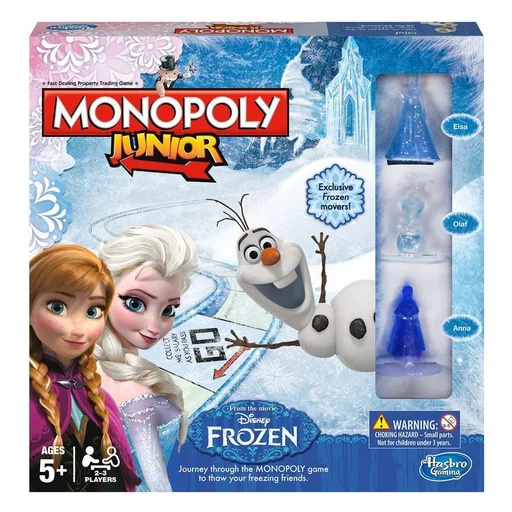 Board game, Monopoly Junior: Disney Frozen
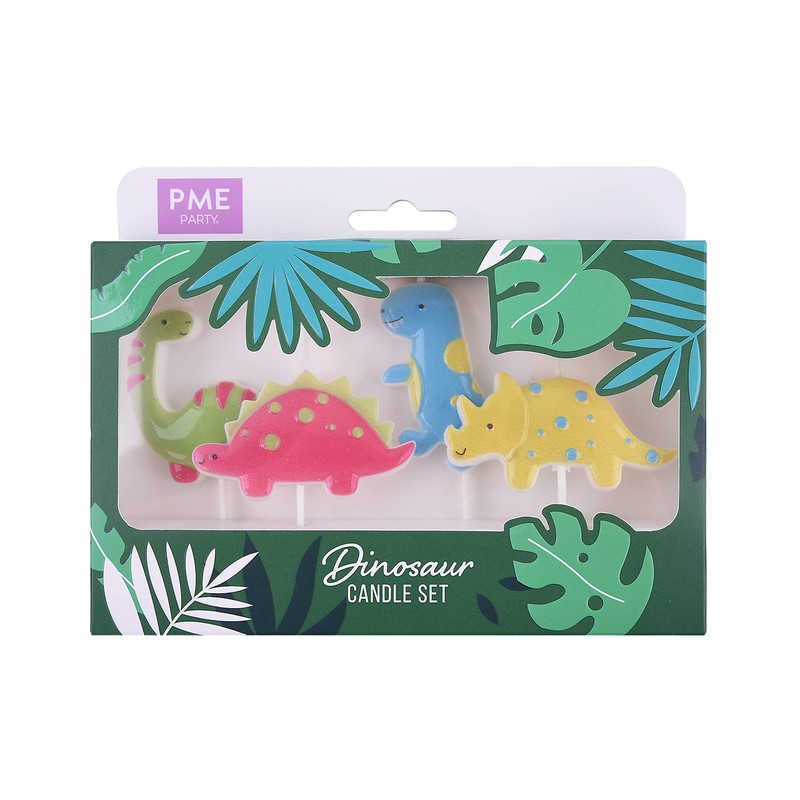 PME - Set di Candele a Forma di Dinosauro, Confezione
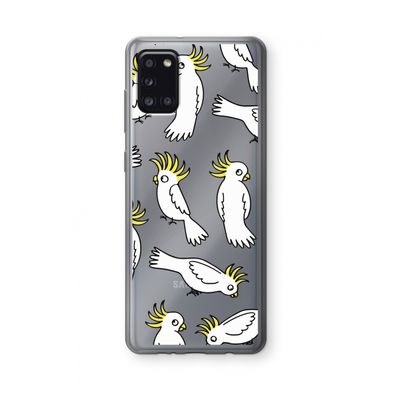 Papegaai: Samsung Galaxy A31 Transparant Hoesje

PROBLEM REQUIREMENTS: Reproduce the whole listing above word for word, dropping each image.

WRITTEN SOLUTION:
 Board game, Monopoly Junior: Disney Frozen
 PME - Set di Candele a Forma di Dinosauro, Confezione
 Papegaai: Samsung Galaxy A31 Transparant Hoesje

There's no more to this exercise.